I left the Cromwell feeling unrested and wouldn't eagerly return for another night's attempt at sleep, but for those who want to hit up the Strip's nightlife experiences, this may be the ideal Strip property: not too overwhelming, small enough to offer quality service and amenities and perfectly situated to explore all that's happening in the heart of Las Vegas Boulevard.

The exterior of Giada at the Cromwell, the first restaurant by Food Network personality Giada De Laurentiis.
The exterior of Giada at the Cromwell, the first restaurant by Food Network personality Giada De Laurentiis.

Nobu Hotel

One-of-a-kind twist: In-room dining menu from famed chef Nobu Matsuhisa, including several breakfast items.

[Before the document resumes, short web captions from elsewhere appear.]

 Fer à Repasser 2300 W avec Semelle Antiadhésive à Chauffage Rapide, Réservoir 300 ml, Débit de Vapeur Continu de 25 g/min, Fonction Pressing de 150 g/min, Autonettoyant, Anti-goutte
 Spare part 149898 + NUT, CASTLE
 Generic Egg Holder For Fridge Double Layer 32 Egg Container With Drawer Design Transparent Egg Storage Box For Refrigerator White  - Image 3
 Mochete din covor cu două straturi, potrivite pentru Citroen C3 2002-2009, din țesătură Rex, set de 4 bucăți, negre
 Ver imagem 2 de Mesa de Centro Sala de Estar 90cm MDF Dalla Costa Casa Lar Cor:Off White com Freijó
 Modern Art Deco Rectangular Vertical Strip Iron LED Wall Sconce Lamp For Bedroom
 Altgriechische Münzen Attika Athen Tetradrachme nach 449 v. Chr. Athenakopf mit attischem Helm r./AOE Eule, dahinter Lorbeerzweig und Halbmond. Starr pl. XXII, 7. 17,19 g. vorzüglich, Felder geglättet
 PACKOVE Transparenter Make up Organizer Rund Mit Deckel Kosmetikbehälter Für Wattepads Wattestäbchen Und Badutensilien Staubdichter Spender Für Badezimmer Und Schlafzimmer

If we weren't looking for it, we would have walked right past the Nobu Hotel's front desk. The hotel's lobby area is located in the heart of Caesars Palace, tucked away off a walkway linking the two areas of the resort's casino. It consists of one small desk and a bank of three elevators, and the welcome we received was warm and genuine, not at all like one sometimes experienced at big casino resorts.

Though it is very much located within Caesars Palace, the Nobu Hotel is a property all its own. The front desk employees also serve as concierge, happily answering questions I had about dinner plans and additional amenities, such as complimentary morning coffee and tea served in a communal lounge. After showing us how to use the room key to operate the high-tech elevators, we were on our way to the room.

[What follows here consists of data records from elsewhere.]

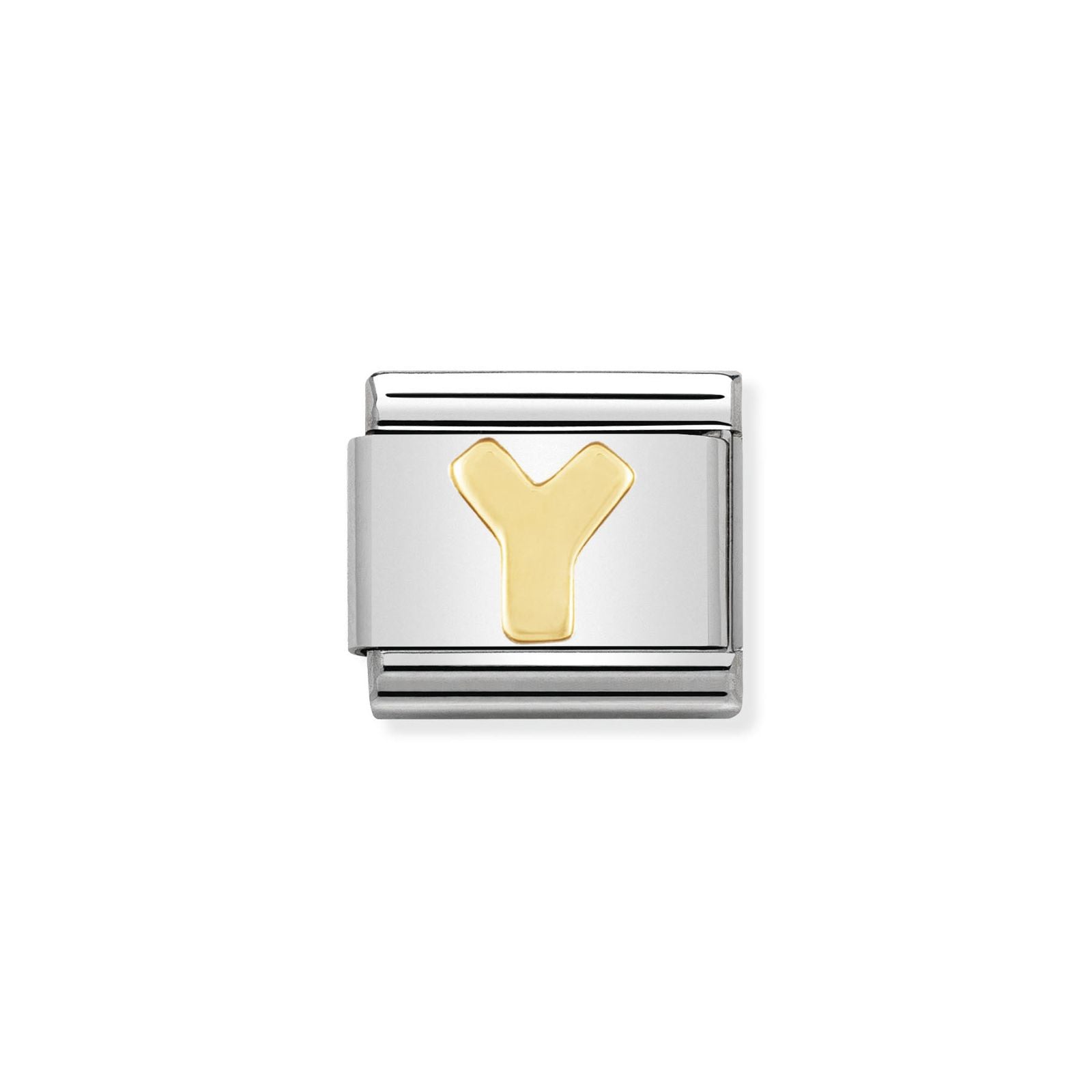 Nomination 030101/25 Classic Letter Y 18ct Gold & Steel Jewellery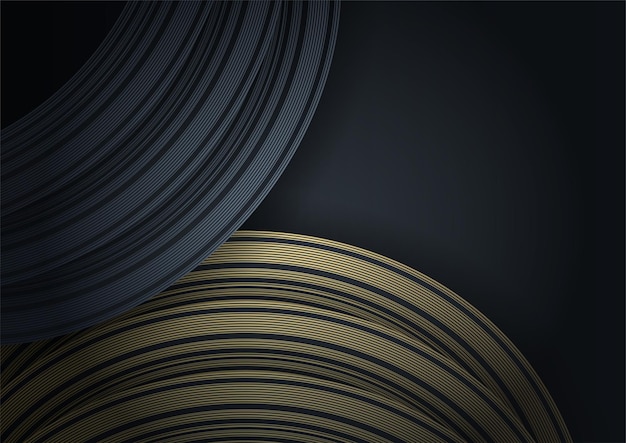 Fondo de lujo abstracto negro y oro. vector de plantilla de banner oscuro moderno con patrones de formas geométricas. diseño gráfico digital futurista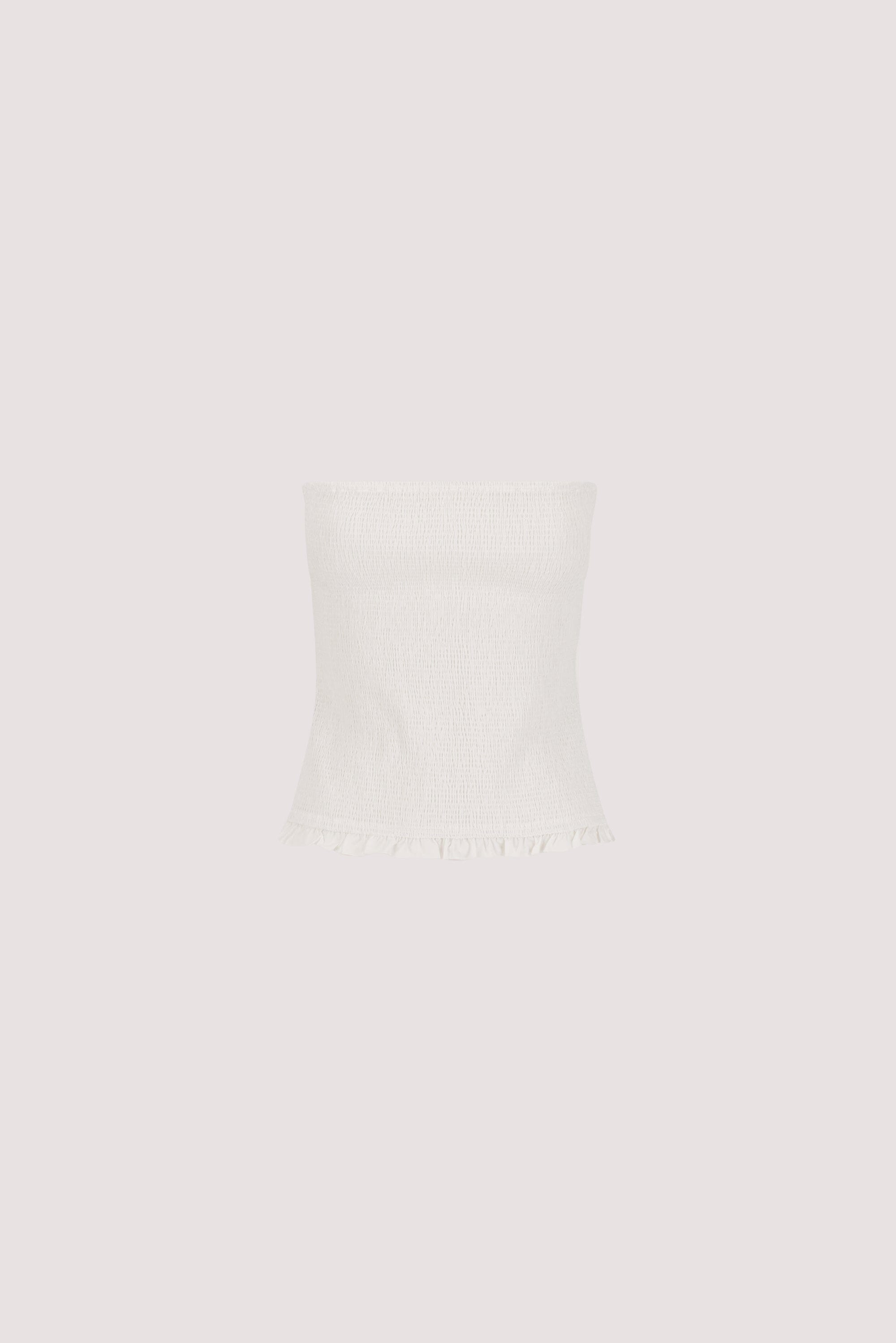 EDIE WHITE STRAPLESS COTTON TOP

This is the world's first Nobu Hotel opened by chef Nobu Matsuhisa, and it embodies a clean, welcoming vibe.

A Nobu King room with a view.
A Nobu King room with a view.

The accommodations were roomy, with woven and wooden touches throughout. I loved the sitting area right under the window, which provided an awesome view of the Strip. The spacious bathroom had deep bowl sinks and an open, tiled shower.

It was comfortable and inviting, but we had dinner reservations at Nobu, the restaurant, which is located right off the small reception area. The restaurant can also be entered from Caesars Palace so, unlike the Delano, there isn't a restaurant or lounge that belongs strictly to the Nobu Hotel, but its design, which closes off several of the tables into private dining areas, makes it feel removed from the casino resort.

Though guests certainly don't have to dine at Nobu while staying at the hotel, it certainly helps bring the entire experience together. After a long, leisurely meal (made complete with the restaurant's famous jalapeno yellowtail dish), we headed back up to the room, where we hunkered down on the sofa for a comfortable evening in.

Evening bled into the nighttime hours, and the room at the Nobu Hotel wrapped me up like a warm, dark, quiet blanket when I finally fell into bed.